Okay, so I know this is not relating to econometrics or to simulations but here is a bit of my thoughts.
Producer Surplus (record companies): B
Cost of production: Marginal Cost * Quantity0
Dead weight loss: C
Total Societal Benefit: A+B
Consumer Surplus: everything below demand line (A, B, C, + marginal cost)
Producer Surplus: negative (Marginal cost * Quantity1)
Dead weight loss: That small triangle above demand but below marginal cost
Total Societal Benefit: A+B+C-that triangle above demand but below marginal cost
So the question is, "when is that triangle above demand but below marginal cost big enough to matter?" It is when the marginal cost of producing one unit of the good is large and many people will steal the good if it is produced.
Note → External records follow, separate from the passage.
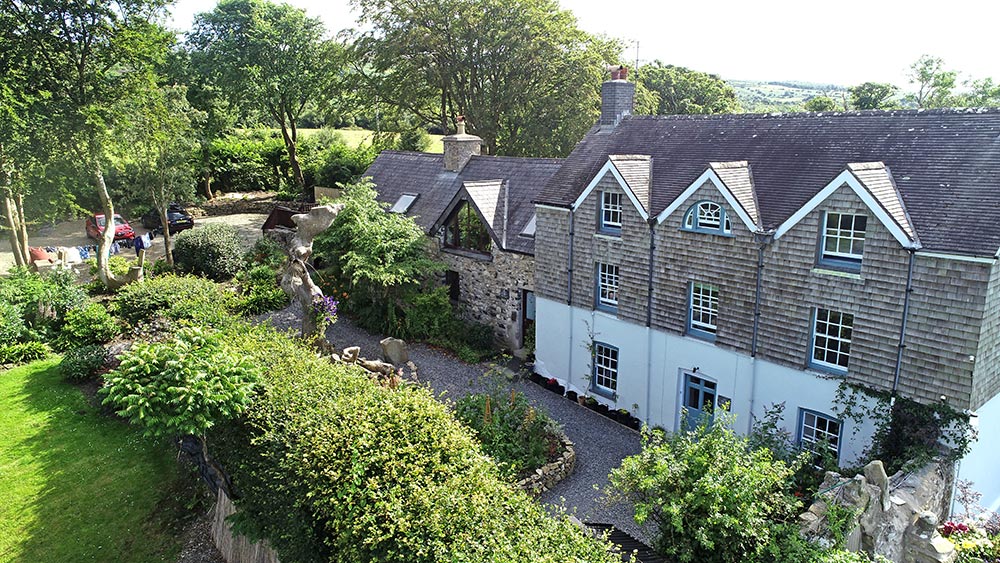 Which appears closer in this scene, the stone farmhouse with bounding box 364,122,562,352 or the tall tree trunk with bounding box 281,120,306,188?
the stone farmhouse with bounding box 364,122,562,352

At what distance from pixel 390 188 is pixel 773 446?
20727 millimetres

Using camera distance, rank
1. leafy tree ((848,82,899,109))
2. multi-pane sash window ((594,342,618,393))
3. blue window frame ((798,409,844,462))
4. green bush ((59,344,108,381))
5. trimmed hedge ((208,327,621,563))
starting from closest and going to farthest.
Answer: trimmed hedge ((208,327,621,563)) → blue window frame ((798,409,844,462)) → multi-pane sash window ((594,342,618,393)) → green bush ((59,344,108,381)) → leafy tree ((848,82,899,109))

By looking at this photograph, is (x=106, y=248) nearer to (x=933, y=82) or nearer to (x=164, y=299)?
(x=164, y=299)

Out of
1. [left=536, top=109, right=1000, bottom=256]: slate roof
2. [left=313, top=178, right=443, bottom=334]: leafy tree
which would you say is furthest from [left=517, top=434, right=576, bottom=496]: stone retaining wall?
[left=313, top=178, right=443, bottom=334]: leafy tree

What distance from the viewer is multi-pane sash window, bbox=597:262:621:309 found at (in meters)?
19.1

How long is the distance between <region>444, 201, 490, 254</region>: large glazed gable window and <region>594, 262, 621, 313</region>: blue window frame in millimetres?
5584

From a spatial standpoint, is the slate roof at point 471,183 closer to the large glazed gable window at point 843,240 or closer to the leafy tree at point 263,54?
the large glazed gable window at point 843,240

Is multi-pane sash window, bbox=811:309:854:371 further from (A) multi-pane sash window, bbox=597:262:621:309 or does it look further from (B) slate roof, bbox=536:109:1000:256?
(A) multi-pane sash window, bbox=597:262:621:309

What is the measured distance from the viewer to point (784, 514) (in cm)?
1092

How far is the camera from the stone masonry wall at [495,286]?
22.9 m

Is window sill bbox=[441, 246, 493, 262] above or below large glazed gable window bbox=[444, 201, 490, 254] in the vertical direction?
below

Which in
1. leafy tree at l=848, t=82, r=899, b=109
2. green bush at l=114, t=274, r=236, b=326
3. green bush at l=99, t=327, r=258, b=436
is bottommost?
green bush at l=114, t=274, r=236, b=326

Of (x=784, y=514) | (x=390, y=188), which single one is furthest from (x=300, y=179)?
(x=784, y=514)

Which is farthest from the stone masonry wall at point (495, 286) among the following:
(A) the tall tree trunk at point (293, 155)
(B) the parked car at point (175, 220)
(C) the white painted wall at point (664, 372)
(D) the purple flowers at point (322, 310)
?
(A) the tall tree trunk at point (293, 155)
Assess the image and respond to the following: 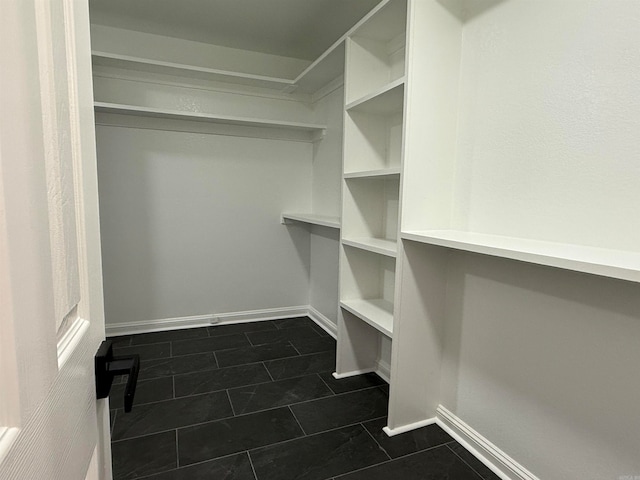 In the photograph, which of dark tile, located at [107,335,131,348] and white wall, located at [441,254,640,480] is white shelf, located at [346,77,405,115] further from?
dark tile, located at [107,335,131,348]

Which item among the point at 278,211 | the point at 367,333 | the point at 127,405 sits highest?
the point at 278,211

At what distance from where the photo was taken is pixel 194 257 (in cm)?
322

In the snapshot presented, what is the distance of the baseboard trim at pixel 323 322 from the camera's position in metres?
3.08

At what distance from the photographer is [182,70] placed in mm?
2779

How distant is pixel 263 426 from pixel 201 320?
1.62 m

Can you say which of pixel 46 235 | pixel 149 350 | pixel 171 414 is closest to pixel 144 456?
pixel 171 414

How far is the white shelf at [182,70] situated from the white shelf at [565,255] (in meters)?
2.17

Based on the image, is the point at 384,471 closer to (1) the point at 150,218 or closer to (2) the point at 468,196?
(2) the point at 468,196

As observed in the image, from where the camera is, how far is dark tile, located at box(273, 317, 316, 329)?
334 centimetres

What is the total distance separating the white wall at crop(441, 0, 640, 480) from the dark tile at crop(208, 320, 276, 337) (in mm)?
1881

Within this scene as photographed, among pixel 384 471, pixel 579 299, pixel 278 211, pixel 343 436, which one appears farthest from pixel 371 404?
pixel 278 211

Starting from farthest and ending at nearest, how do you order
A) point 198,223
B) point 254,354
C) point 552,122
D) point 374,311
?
point 198,223, point 254,354, point 374,311, point 552,122

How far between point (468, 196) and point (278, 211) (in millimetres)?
2053

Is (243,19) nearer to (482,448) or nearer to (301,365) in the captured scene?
(301,365) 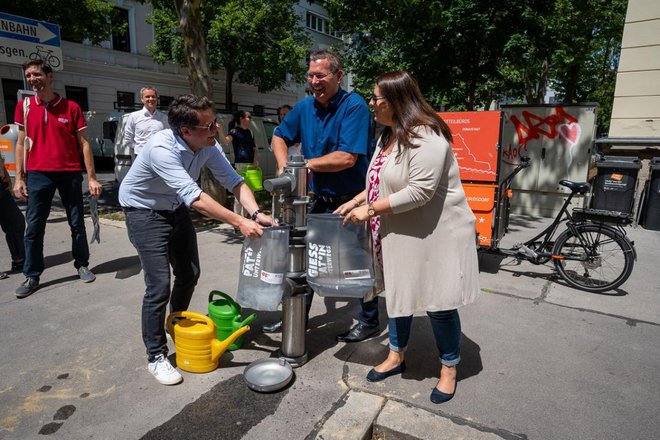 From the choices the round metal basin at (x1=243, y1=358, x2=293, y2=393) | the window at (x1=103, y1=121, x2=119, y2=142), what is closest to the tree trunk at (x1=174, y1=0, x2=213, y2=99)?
the round metal basin at (x1=243, y1=358, x2=293, y2=393)

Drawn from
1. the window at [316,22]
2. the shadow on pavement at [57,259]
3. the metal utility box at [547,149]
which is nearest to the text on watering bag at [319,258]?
the shadow on pavement at [57,259]

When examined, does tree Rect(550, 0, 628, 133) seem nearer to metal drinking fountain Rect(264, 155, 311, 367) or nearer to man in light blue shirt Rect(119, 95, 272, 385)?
metal drinking fountain Rect(264, 155, 311, 367)

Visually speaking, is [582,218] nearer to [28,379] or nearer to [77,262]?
[28,379]

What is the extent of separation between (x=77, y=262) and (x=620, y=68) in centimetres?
977

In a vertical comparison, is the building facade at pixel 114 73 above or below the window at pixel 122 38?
below

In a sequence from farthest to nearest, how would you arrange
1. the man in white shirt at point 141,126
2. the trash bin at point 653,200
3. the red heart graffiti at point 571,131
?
the red heart graffiti at point 571,131
the trash bin at point 653,200
the man in white shirt at point 141,126

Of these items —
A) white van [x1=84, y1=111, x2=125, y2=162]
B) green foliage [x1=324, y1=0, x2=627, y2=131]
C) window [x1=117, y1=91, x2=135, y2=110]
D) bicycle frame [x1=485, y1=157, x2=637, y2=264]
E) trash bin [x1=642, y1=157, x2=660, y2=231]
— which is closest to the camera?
bicycle frame [x1=485, y1=157, x2=637, y2=264]

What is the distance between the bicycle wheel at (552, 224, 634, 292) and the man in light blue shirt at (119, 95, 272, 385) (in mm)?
3460

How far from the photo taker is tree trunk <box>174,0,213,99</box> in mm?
6766

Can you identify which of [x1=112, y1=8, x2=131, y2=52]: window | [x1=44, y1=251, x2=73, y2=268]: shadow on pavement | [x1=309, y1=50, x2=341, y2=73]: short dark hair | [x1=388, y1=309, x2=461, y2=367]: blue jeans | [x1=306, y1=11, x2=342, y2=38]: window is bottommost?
[x1=44, y1=251, x2=73, y2=268]: shadow on pavement

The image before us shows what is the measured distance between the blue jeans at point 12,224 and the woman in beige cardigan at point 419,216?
416cm

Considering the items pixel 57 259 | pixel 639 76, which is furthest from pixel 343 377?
pixel 639 76

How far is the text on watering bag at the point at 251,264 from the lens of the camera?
2.58m

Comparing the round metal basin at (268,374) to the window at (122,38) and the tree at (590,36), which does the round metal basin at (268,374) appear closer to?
the tree at (590,36) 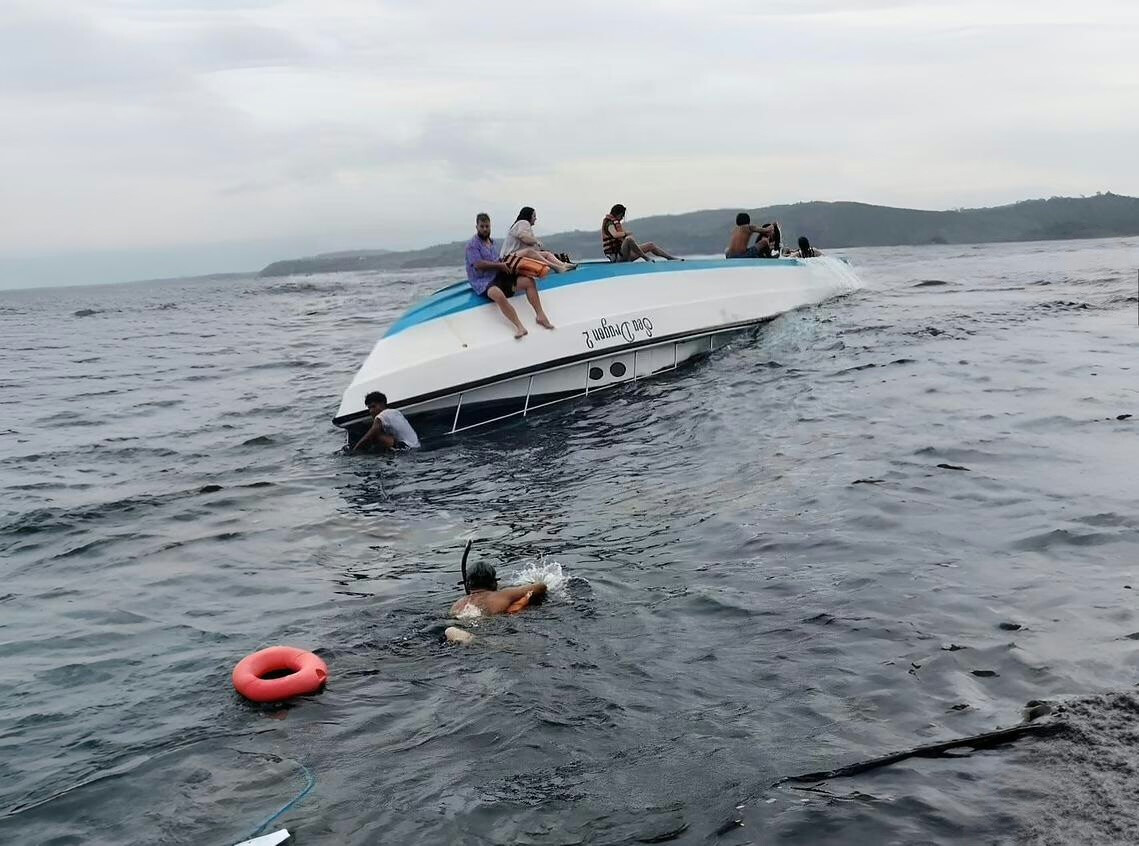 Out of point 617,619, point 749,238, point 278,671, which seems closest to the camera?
point 278,671

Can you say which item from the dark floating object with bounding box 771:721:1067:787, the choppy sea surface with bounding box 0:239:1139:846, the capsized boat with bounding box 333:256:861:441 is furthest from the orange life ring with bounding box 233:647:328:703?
the capsized boat with bounding box 333:256:861:441

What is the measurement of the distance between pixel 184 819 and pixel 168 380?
20917 mm

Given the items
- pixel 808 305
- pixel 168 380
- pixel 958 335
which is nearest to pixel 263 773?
pixel 808 305

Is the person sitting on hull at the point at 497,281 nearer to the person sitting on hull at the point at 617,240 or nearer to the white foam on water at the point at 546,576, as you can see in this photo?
the person sitting on hull at the point at 617,240

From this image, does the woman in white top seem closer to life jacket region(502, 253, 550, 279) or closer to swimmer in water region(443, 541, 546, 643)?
life jacket region(502, 253, 550, 279)

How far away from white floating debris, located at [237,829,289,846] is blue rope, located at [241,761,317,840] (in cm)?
17

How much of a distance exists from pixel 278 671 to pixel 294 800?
1691 millimetres

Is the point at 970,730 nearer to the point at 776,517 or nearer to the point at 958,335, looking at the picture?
the point at 776,517

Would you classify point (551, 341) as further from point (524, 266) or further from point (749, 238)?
point (749, 238)

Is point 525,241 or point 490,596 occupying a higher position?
point 525,241

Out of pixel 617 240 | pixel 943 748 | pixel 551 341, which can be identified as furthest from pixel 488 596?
pixel 617 240

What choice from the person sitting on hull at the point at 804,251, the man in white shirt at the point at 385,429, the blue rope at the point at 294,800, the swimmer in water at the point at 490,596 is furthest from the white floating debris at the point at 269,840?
the person sitting on hull at the point at 804,251

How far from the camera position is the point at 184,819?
5.20 m

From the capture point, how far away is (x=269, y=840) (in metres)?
4.75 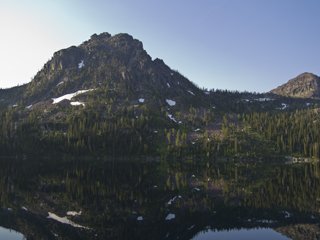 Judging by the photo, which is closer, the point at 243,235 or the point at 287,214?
the point at 243,235

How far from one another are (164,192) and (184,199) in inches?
360

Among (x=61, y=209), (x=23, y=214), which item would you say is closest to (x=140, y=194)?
(x=61, y=209)

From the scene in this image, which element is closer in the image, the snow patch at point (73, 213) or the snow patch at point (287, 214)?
the snow patch at point (73, 213)

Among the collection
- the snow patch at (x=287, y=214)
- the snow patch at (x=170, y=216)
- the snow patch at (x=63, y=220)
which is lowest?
the snow patch at (x=287, y=214)

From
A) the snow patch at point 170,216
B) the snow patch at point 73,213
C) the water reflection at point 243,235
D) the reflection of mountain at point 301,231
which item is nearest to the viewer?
the water reflection at point 243,235

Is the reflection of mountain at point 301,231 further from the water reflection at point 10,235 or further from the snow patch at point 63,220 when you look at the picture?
the water reflection at point 10,235

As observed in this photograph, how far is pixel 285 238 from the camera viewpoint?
133ft

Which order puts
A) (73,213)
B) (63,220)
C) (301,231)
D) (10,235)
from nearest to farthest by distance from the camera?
(10,235), (301,231), (63,220), (73,213)

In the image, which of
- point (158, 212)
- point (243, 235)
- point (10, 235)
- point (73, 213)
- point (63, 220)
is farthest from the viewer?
point (158, 212)

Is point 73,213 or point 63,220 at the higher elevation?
point 63,220

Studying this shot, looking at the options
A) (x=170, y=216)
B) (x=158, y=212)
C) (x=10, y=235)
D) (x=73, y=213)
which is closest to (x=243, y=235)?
(x=170, y=216)

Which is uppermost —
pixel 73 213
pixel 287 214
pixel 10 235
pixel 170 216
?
pixel 10 235

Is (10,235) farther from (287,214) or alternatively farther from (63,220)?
(287,214)

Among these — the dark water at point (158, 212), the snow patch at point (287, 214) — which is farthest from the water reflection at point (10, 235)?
the snow patch at point (287, 214) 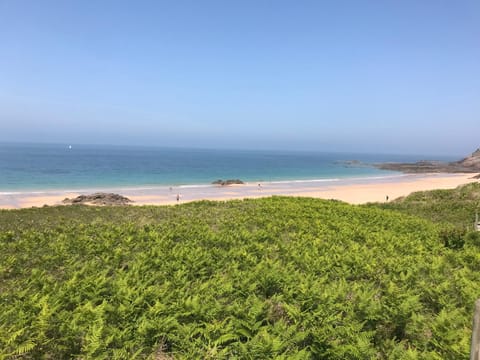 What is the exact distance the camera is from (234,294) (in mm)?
6730

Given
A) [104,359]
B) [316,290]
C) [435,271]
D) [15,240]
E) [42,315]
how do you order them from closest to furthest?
[104,359]
[42,315]
[316,290]
[435,271]
[15,240]

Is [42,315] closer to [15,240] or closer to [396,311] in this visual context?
[396,311]

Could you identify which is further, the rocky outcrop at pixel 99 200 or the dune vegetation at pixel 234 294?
the rocky outcrop at pixel 99 200

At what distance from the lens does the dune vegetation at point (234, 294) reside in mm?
4875

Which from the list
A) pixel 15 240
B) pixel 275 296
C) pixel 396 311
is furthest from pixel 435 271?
pixel 15 240

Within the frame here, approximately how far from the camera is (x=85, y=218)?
17203mm

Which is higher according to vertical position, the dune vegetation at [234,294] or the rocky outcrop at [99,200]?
the dune vegetation at [234,294]

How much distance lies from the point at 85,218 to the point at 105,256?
8.59 m

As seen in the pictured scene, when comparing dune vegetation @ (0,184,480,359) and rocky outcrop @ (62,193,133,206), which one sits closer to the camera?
dune vegetation @ (0,184,480,359)

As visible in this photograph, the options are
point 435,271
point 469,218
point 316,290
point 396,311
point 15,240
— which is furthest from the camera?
point 469,218

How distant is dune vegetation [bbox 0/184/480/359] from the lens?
4875mm

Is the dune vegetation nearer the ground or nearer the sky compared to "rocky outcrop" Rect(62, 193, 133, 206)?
nearer the sky

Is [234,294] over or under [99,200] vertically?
over

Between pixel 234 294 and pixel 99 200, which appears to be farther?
pixel 99 200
However, this is obviously not the case because each additional song copied in digital format costs next to nothing to those doing the copying and certainly nothing to the company.
Furthermore, it is not reasonable to fine music pirates equivalently to how much they would have had to pay for the songs if they had purchased them.
This is all under a framework of relatively steep demand. Things just get more severe in favor of penalty free piracy when the demand slope become more elastic which is probably more realistic. An estimate of this elasticity can be found by looking at how many songs the average consumer owned before and after Napster. This will give an estimate of Q0 and Q1. If Q1>>Q0 then piracy is probably socially optimal (for music at least).